Are stimulus checks on the table in the 118th Congress?

Stimulus checks originally enjoyed bipartisan support. Both Democrats and Republicans voted together to provide the initial direct payments during the heart of the pandemic.

But, as time went on, this consensus eroded. And when President Biden signed the American Rescue Plan Act into law shortly after taking office, the legislation had been passed with the support of Democrats alone.

At the time, Democrats were in control of the White House, but they also had a small majority in the House of Representatives and the U.S. Senate.

With the Democrats losing this unified control of Congress after Republicans took the majority in the House when new members were sworn in on Jan. 3, the chances of a stimulus check dimmed.

It is very unlikely that the Republican majority in the House of Representatives would provide the votes needed for a fourth stimulus check -- or even allow a bill authorizing one to come up for a vote.

All hope isn't lost though

While another direct payment that's broadly available to most Americans is unlikely, there's still a chance the federal government could step up and offer some new financial support.
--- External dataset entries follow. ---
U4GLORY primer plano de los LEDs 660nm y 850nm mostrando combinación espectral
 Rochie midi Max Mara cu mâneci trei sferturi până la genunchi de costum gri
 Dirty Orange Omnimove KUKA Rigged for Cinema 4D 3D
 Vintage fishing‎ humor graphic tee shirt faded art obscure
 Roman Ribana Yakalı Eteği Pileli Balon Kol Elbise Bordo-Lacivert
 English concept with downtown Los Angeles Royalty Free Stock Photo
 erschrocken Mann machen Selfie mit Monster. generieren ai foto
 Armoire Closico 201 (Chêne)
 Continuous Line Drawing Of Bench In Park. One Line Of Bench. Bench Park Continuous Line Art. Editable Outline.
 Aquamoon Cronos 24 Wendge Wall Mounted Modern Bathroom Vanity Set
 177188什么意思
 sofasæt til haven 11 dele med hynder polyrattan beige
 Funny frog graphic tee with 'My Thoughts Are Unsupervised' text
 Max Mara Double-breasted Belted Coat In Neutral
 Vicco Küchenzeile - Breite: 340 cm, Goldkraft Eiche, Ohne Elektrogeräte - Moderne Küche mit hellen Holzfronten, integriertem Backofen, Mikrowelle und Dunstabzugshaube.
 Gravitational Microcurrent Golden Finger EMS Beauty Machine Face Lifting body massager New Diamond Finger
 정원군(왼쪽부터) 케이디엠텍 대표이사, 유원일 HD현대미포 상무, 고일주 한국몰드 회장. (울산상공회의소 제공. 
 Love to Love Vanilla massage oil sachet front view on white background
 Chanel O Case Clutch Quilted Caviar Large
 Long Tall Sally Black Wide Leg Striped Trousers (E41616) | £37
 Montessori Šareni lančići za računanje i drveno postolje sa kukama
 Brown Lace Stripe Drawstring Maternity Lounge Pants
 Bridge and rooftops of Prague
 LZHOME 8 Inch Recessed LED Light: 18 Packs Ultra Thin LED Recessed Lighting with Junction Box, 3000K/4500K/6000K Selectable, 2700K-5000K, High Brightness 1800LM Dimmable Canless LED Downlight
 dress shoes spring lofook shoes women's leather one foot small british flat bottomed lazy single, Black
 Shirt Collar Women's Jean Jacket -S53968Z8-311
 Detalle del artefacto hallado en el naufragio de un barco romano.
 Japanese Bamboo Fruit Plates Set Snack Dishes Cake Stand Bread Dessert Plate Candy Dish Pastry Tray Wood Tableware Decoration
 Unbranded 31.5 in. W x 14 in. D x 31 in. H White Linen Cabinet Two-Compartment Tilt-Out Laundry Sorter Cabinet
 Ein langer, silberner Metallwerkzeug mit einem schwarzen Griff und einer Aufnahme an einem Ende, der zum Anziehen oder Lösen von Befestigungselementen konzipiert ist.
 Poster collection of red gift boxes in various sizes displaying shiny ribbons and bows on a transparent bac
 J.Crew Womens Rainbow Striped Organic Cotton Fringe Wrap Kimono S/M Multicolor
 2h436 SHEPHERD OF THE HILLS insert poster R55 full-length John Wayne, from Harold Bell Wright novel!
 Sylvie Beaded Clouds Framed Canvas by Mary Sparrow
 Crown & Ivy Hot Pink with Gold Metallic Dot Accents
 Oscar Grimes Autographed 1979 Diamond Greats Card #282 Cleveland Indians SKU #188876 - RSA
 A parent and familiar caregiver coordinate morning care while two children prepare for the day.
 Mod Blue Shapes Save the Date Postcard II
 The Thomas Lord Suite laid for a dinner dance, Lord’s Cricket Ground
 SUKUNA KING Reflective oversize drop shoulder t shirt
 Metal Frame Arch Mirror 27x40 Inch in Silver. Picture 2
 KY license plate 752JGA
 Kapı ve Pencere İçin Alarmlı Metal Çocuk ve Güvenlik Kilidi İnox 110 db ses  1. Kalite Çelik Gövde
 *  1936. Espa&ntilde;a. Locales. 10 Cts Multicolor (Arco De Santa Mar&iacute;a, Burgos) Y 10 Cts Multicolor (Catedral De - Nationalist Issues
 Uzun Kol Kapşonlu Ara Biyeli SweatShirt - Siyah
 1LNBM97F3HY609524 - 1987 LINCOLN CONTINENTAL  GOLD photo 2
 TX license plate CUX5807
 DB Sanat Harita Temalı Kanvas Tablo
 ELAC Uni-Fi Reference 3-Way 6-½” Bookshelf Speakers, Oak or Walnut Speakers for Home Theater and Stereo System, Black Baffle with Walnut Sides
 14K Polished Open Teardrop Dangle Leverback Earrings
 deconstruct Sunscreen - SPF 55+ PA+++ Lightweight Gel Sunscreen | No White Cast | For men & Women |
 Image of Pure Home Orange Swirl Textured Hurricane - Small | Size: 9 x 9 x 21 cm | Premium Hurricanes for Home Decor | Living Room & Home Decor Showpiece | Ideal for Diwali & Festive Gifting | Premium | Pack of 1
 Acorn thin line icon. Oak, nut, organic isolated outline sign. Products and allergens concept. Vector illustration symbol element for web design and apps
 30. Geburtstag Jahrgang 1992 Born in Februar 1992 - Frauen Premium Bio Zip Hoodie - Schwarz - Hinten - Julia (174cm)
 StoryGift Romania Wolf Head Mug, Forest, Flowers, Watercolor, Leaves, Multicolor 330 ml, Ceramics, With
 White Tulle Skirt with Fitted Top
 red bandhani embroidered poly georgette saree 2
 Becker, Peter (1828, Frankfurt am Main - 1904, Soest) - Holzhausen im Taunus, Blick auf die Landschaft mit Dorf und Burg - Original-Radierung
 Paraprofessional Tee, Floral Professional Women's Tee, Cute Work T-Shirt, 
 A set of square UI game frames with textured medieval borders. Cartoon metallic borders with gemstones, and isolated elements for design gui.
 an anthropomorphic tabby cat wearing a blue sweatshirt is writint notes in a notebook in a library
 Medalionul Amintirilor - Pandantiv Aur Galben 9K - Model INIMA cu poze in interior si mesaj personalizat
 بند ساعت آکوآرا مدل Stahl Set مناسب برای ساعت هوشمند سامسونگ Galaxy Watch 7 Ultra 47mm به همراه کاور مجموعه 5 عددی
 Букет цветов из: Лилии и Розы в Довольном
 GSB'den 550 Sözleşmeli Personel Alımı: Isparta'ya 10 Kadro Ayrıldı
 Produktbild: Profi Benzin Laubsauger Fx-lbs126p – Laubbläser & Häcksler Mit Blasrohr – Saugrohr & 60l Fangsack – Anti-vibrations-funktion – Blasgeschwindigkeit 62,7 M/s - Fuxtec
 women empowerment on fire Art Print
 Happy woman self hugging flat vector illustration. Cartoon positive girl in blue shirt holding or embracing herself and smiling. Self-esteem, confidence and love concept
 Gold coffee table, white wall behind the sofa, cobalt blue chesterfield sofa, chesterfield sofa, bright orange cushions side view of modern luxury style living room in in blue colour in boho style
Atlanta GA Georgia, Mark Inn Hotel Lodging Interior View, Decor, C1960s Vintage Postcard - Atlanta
This most likely would come in the form of an expanded Child Tax Credit for parents.

The most recent COVID-19 legislation provided payments up to $3,600 per child under age 6 to eligible parents, and payments up to $3,000 per child aged 6 to 17 for eligible families as well. Republicans were not on board with this specifically, although this Child Tax Credit was a key Democratic priority.

Some Republicans have indicated they believe the current Child Tax Credit system should be modified, though, and that parents should receive more direct aid.

Since this may be one of few areas where there is an overlap of goals on the left and right, there remains a chance that parents at least will see some extra help from Uncle Sam now that the 118th Congress has kicked off.